Besides net games, Markov chains have also been utilized in team sports, though the application in this context is scarce as of today. This is arguably due to difficulties in the implementation of the model, for example with regard to different ball possession times of players or teams, as well as objections against the Markov property in this context (Lames, 2020). Liu and Hohmann (2013), who produced one of few applications in football, used a transition matrix based on a grid of field positions of different players. Further, Lames et al. (1997) demonstrated the possibility of differentiating the impact of individual players on success in volleyball.

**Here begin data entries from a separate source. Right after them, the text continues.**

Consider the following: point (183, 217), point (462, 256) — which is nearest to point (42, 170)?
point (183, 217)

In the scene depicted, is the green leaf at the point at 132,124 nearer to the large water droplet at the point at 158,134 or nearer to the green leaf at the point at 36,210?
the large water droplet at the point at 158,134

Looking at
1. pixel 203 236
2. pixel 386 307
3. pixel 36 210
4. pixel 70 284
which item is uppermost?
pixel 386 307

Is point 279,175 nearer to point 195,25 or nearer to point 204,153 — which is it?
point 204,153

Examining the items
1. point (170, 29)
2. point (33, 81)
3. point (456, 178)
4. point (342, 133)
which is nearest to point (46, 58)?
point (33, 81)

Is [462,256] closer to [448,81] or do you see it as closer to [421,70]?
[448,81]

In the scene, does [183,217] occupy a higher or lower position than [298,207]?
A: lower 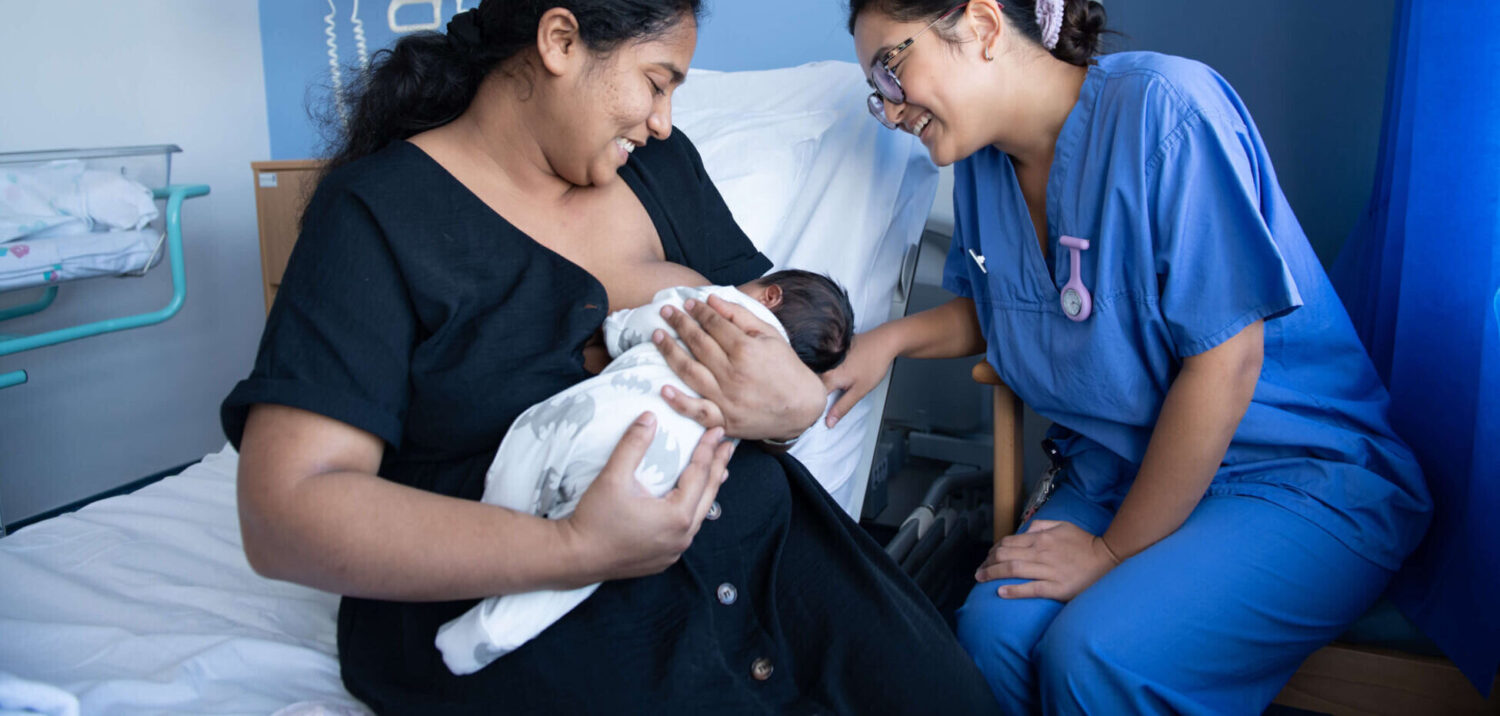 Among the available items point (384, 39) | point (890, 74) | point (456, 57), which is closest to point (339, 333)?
point (456, 57)

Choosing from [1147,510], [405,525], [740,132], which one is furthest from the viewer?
[740,132]

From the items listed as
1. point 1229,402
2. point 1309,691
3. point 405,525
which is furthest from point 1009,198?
point 405,525

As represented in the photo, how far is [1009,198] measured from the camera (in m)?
1.40

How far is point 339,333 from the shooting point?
3.03 feet

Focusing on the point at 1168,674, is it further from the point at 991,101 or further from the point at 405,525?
the point at 405,525

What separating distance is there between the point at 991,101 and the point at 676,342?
576mm

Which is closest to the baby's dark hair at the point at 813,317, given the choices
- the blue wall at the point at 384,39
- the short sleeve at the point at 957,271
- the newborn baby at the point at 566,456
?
the newborn baby at the point at 566,456

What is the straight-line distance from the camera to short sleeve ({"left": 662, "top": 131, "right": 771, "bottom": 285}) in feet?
4.48

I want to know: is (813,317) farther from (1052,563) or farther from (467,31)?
(467,31)

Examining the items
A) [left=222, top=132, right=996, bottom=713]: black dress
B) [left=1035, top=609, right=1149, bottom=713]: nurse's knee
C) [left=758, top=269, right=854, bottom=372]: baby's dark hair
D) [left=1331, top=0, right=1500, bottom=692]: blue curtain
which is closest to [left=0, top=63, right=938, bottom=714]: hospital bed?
[left=222, top=132, right=996, bottom=713]: black dress

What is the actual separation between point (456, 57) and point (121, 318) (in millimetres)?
1798

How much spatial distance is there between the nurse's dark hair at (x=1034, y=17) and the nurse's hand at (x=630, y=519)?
681mm

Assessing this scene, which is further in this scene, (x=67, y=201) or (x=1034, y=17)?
(x=67, y=201)

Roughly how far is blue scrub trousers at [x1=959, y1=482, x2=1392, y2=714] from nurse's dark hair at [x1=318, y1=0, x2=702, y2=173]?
88 centimetres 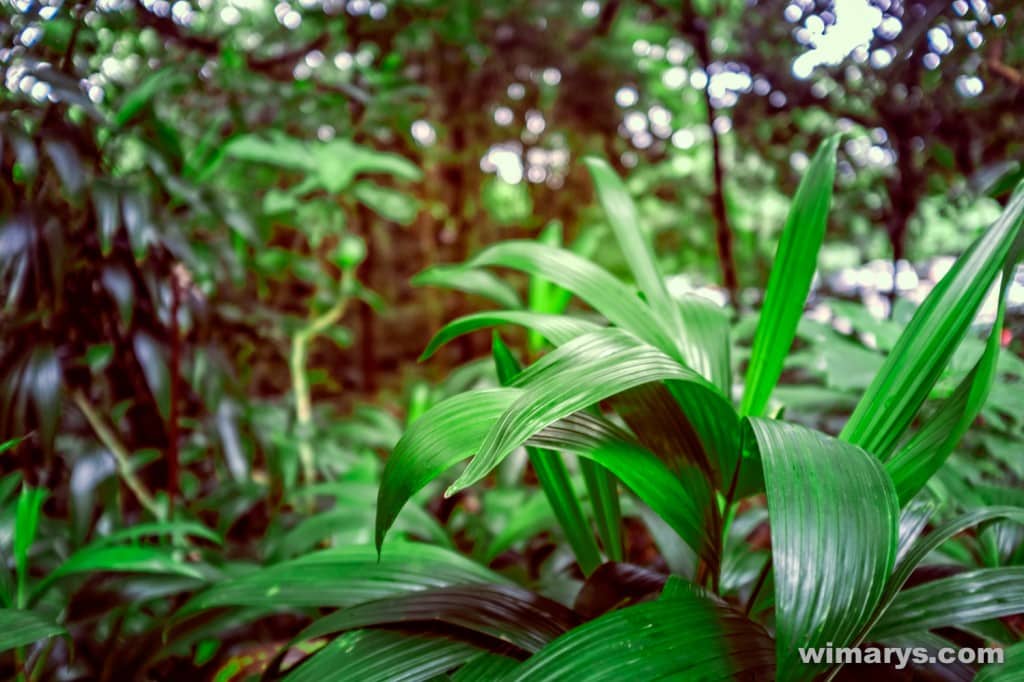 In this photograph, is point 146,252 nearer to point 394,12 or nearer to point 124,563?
point 124,563

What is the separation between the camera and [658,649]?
542 mm

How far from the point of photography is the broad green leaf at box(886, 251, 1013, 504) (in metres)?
0.59

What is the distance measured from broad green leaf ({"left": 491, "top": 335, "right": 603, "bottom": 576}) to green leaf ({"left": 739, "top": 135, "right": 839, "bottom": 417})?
0.80 ft

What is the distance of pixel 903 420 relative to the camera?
68cm

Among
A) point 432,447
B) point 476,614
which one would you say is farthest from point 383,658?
point 432,447

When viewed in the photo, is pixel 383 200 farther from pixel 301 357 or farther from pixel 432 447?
pixel 432 447

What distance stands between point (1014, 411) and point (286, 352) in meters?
1.48

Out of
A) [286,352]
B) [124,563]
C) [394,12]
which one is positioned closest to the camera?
[124,563]

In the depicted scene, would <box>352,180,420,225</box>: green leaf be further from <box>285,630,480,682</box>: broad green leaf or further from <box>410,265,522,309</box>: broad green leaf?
<box>285,630,480,682</box>: broad green leaf

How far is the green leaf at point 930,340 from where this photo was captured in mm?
647

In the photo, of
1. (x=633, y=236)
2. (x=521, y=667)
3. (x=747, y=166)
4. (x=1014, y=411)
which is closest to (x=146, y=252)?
(x=633, y=236)

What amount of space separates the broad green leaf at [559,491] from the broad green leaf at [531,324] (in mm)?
29

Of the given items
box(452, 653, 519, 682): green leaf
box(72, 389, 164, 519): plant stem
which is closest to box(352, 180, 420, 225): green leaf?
box(72, 389, 164, 519): plant stem

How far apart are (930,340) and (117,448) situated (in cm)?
126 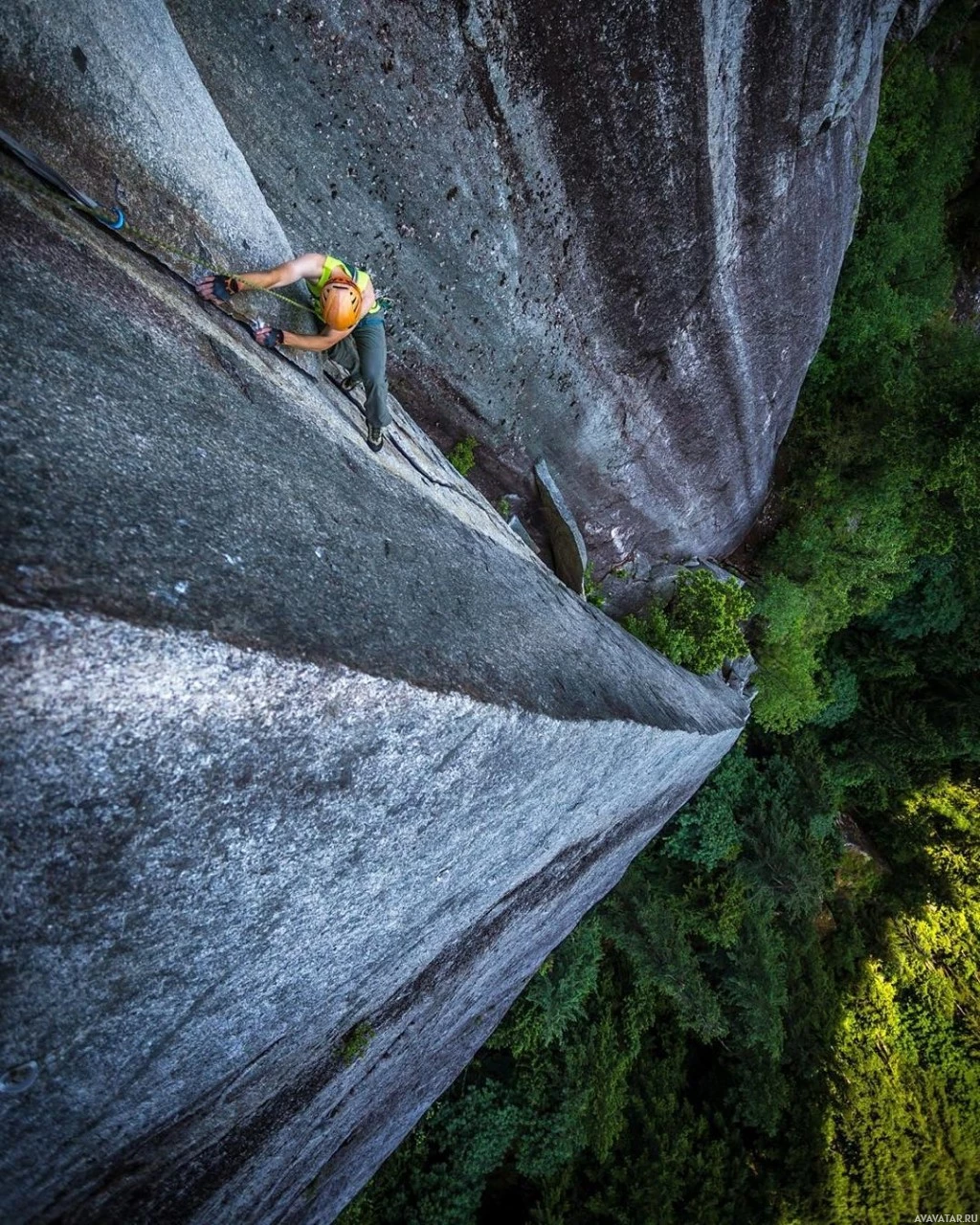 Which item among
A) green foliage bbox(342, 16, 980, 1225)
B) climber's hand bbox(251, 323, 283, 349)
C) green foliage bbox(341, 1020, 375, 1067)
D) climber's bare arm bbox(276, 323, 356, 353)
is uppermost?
climber's bare arm bbox(276, 323, 356, 353)

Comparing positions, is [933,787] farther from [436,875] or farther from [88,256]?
[88,256]

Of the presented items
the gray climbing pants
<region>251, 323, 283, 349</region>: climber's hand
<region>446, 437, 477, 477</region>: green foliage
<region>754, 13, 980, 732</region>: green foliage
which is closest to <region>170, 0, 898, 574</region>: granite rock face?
<region>446, 437, 477, 477</region>: green foliage

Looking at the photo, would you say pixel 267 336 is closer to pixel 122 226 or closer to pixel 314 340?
pixel 314 340

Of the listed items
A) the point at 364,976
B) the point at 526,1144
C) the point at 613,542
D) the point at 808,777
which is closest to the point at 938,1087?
the point at 808,777

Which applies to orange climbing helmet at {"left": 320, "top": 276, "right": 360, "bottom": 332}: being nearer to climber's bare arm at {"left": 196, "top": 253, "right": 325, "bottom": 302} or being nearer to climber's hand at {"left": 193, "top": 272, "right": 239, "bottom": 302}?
climber's bare arm at {"left": 196, "top": 253, "right": 325, "bottom": 302}

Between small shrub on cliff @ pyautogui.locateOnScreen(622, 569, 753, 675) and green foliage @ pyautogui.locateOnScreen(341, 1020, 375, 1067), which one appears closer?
green foliage @ pyautogui.locateOnScreen(341, 1020, 375, 1067)

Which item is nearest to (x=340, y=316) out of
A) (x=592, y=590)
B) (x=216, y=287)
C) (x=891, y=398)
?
(x=216, y=287)

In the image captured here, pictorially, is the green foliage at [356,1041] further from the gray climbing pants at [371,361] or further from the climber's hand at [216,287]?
the climber's hand at [216,287]
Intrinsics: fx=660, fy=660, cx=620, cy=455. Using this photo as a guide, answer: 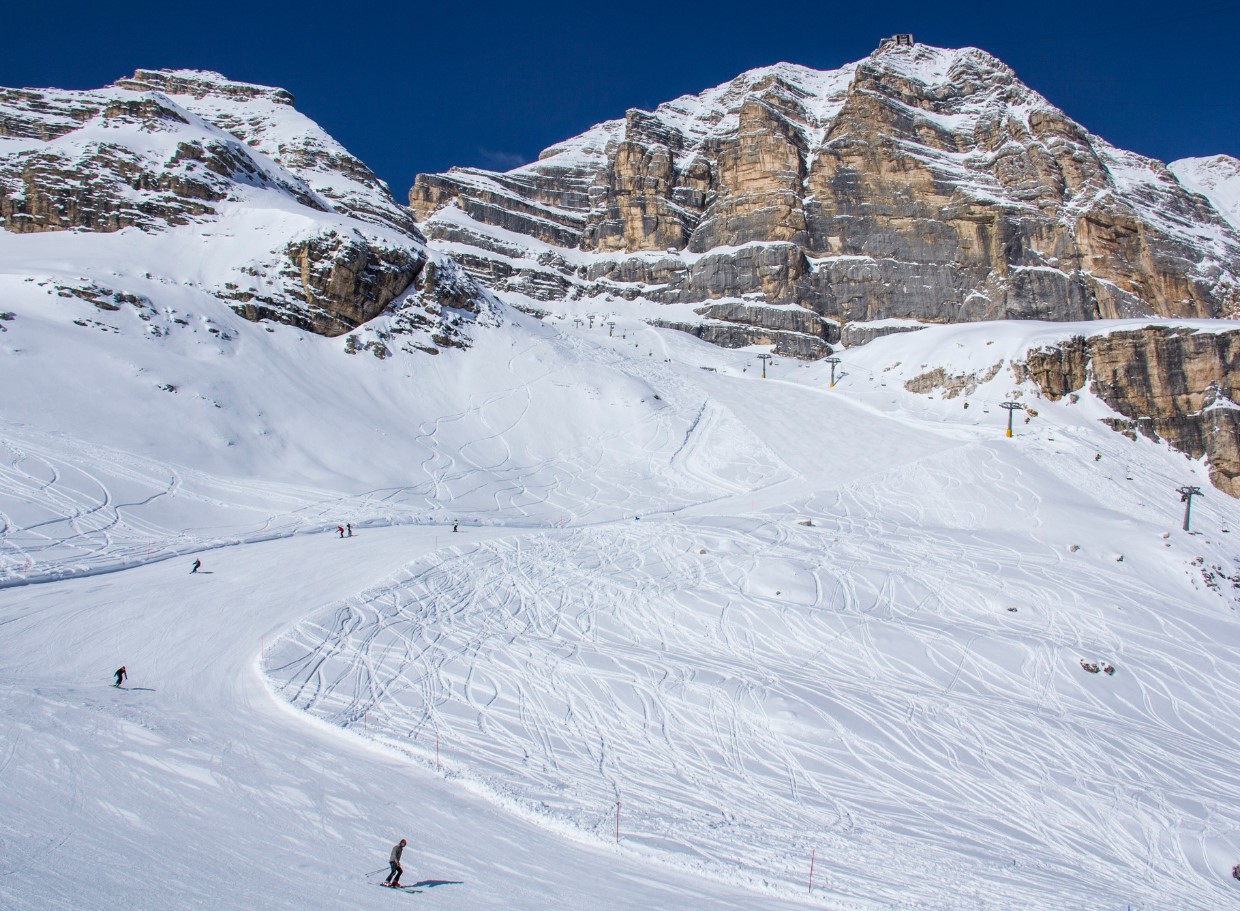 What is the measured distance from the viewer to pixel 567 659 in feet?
50.3

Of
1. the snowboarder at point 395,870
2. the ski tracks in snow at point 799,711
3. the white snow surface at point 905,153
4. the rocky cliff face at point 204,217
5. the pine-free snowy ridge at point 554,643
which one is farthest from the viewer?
the white snow surface at point 905,153

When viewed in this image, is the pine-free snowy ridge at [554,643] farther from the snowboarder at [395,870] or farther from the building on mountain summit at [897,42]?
the building on mountain summit at [897,42]

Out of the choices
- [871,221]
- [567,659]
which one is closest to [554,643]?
[567,659]

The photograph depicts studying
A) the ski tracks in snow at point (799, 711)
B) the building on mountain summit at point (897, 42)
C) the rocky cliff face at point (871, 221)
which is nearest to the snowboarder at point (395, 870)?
the ski tracks in snow at point (799, 711)

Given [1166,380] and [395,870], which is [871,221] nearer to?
[1166,380]

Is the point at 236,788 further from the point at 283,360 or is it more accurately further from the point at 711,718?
the point at 283,360

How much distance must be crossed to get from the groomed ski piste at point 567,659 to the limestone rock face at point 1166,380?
635 centimetres

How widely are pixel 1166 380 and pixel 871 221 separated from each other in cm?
5044

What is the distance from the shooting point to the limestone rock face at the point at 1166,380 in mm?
43781

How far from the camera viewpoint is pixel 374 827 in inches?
332

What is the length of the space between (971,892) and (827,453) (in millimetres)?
32451

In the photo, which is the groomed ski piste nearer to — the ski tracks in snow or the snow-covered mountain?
the ski tracks in snow

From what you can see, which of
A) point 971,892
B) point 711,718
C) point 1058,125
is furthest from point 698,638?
point 1058,125

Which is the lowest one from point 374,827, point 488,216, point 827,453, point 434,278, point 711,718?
point 374,827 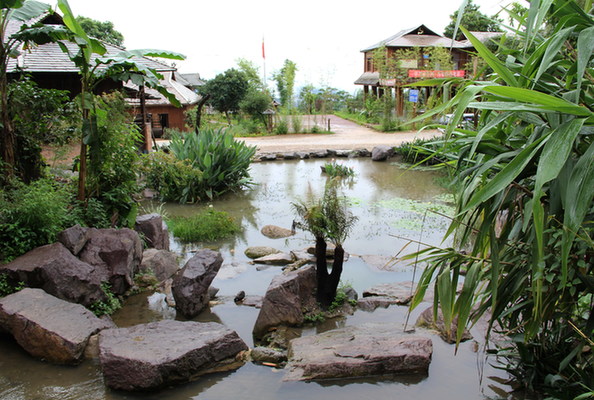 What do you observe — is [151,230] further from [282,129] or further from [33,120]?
[282,129]

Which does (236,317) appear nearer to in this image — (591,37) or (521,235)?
(521,235)

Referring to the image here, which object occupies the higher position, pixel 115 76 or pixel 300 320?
pixel 115 76

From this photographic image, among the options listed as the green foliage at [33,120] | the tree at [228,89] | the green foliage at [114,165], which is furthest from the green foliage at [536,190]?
the tree at [228,89]

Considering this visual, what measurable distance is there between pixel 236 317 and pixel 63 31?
381 centimetres

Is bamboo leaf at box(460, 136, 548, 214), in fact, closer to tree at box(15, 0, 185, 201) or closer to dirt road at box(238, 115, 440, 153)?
tree at box(15, 0, 185, 201)

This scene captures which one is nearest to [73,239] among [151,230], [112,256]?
[112,256]

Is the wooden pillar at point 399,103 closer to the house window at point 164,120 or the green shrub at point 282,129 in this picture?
the green shrub at point 282,129

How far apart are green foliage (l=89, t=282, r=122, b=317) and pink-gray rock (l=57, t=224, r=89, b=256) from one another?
0.48 metres

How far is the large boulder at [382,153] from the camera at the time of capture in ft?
55.7

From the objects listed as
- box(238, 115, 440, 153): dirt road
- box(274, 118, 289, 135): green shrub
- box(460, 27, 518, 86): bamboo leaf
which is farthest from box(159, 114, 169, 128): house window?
box(460, 27, 518, 86): bamboo leaf

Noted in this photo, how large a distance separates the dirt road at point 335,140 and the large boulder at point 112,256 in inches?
483

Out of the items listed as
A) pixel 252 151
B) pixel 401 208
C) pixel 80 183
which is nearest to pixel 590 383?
pixel 80 183

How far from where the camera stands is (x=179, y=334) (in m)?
4.65

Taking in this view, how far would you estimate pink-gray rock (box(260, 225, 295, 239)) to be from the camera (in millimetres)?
8734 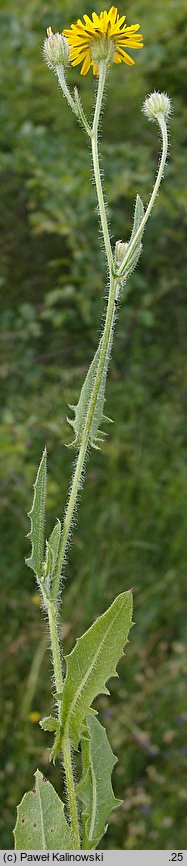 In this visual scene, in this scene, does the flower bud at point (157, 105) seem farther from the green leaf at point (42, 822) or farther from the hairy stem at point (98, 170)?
the green leaf at point (42, 822)

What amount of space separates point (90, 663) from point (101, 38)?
0.62 meters

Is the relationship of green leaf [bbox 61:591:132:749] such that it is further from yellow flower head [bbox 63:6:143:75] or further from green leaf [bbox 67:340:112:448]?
yellow flower head [bbox 63:6:143:75]

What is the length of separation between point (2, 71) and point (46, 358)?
102 cm

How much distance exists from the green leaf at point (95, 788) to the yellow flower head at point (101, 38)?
0.68m

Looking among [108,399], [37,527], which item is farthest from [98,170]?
[108,399]

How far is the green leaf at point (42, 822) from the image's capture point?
0.90 m

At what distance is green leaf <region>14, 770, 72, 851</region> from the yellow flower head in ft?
2.32

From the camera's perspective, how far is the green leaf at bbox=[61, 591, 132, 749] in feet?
3.03

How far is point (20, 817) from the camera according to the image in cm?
93

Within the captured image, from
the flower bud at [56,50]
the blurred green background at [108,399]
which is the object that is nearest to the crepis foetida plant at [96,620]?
the flower bud at [56,50]

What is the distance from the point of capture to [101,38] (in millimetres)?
987

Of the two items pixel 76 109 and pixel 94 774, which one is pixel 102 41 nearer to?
pixel 76 109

Generally, applications of finite Markov chain analyses are scarce and in the case of tennis only rather outdated studies exist e.g. Lames (1991). It can be expected that game structure changed considerably since then, for instance due to developments in material (Miller, 2006). Furthermore, the previous design of states was in part unsatisfactory. Concerning returns, there was no differentiation between such following a first or second serve. This might be regarded as a violation of the Markov property as it is known that rates of successful returns after both differ substantially (Lames, 2020). Furthermore, the serve can arguably be deemed the most important aspect in modern Tennis and has considerable influence on the first strokes after serve and return (O’Donoghue & Brown, 2008), which was not contained in the previous model. Finally, expert opinion suggests that net attacks at present do not have the importance they used to have in the 90ies. Thus, the previous model with its intensive treatment of net game seems to be outdated in this respect as well.
Taken together, the aim of the current study was to establish and validate a newly designed state transition model for tennis which represents the current game structure. The sufficiency of the resulting transition matrix regarding performance analyses was demonstrated with actual and recent match data from top-level tennis. Moreover, it utilized the transition matrix and finite Markov chain modelling to empirically assess state transitions and their tactical relevance with regard to the influencing factors playing surface and sex in modern tennis.